When you select data of of your database, you just make sure that you don't pull any data that's dirty. I've done this many times, and it keeps my eye on what I'm actually doing and why those changes matter to eachother. That alone as saved me hours (perhaps days) of debugging.
PostgreSQL still needs better transaction handling before I'd call it ready for prime time. I found its limitations the hard way, attempting to port 13K lines of Oracle Embedded SQL. Imagine transaction A searching a database. Now you want transaction B to do something. It might be just two user queries open at the same time or one transaction reading one table while the second writes to another table. All well and good until one transaction closes. Then all transactions close! That just plain sucks.
However, I was able to port the entire application to Firebird--IMHO a far better database.
"Love is a familiar; Love is a devil: there is no evil angel but Love." --William Shakespeare ('Love's Labors Lost')
What's your beef with SQL Server? I worked with Sybase for years, and SQL Server is much better. As soon as the two of them split, every decision Sybase made was the wrong one. Replication and data transformation is dead simple in SQL Server. If it can handle a 300 gig database, it's more powerful than I'll ever need. It's easy to maintain with utilities like the SQL Profiler and the index tuning wizard. I'm not a DBA, and with SQL Server I don't need to be. Yeah, yeah, yeah, Microsoft shill, whatever....
two questions:
Is it a bug or just a known limitation?
Is this still an issue with current version?
*sigh* back to work...
What if your network connection flakes out for a second? Then what? That's why there is such a thing as replication, for all the times when simple copying doesn't work for some reason - there needs to be extremely thorough error handling and methods for getting the data back in synch.
This is like shooting fish in a barrel. I often don't like to harp on the OSSDB fanboys, but Oracle's database solution is second to none, and continues to pull away from the pack.
First things first. Online replication is generally considered by professional DBAs a fools errand. You have to babysit and it fails at the drop off a hat for a variety of reasons. The are no good reasons to do replication in the manner they are talking about, unless that is your ONLY option.
There are however, reasons to replicate data. The reasons you want data replicated are usually for one of two reasons: availability or scalability.
To address availability Oracle provides several options that are just plain better than regular/triggered snapshot logging or materialized view refreshing over a network.
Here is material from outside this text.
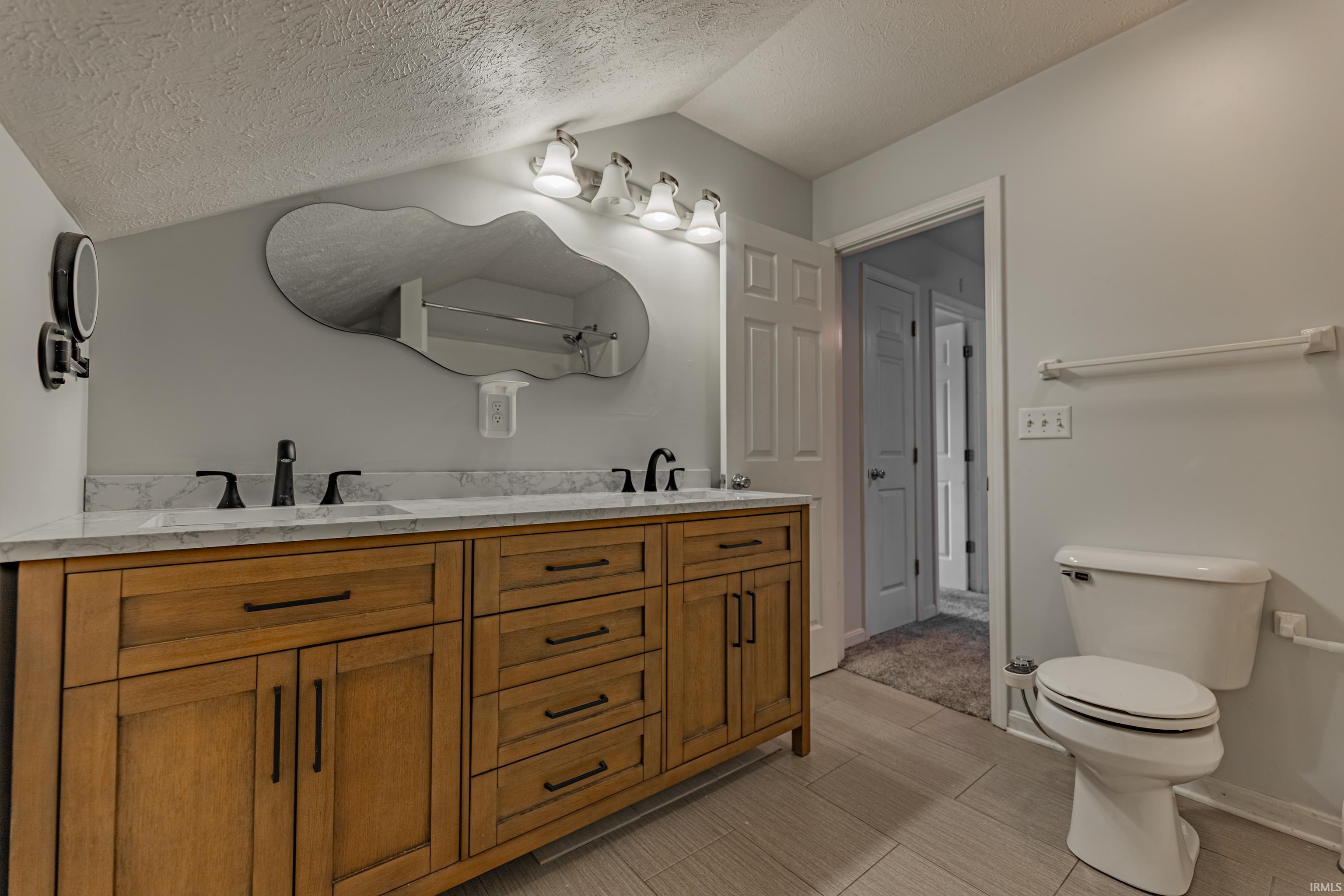 Evansville, Indiana 47711, United States, 4 Bedrooms Bedrooms, ,3 BathroomsBathrooms,Residential,Active,176071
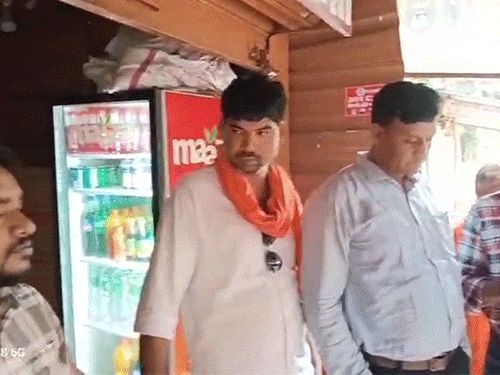 एंटी करप्शन ब्यूरो ने प्रभारी SDO को रंगे हाथों पकड़ा।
The best option is Oracle's Dataguard, which applies redo/archive logs to a duplicate remote databases. You can perform this option at the logical and at the physical level, and you can choose to maximize/guarantee the protection all the way down to best effort. This option provides the ability to have an absolutely current very warm site, a simple command and you're database is up and running.
As for scalability, again Postgres or mysql doesn't hold a candle. There are too many options to list, so I'll discuss the big ones.
Paritioning/sub-partitioning of data. The way Oracle lays out it's logical database block layer and physical OS block layer is absolutely perfect for being able to do anything you want with the database file layout. I can put my OLTP indexes and tables on fast raid10 devices, the historical and warehousing data on raid5 devices, but that's not all. I can increase parallelization of the hardware by putting a single table or index across N devices. The ability to sprinkle files and chop up data anywhere you want, is just one thing that makes Oracle configurable, scalable, and great.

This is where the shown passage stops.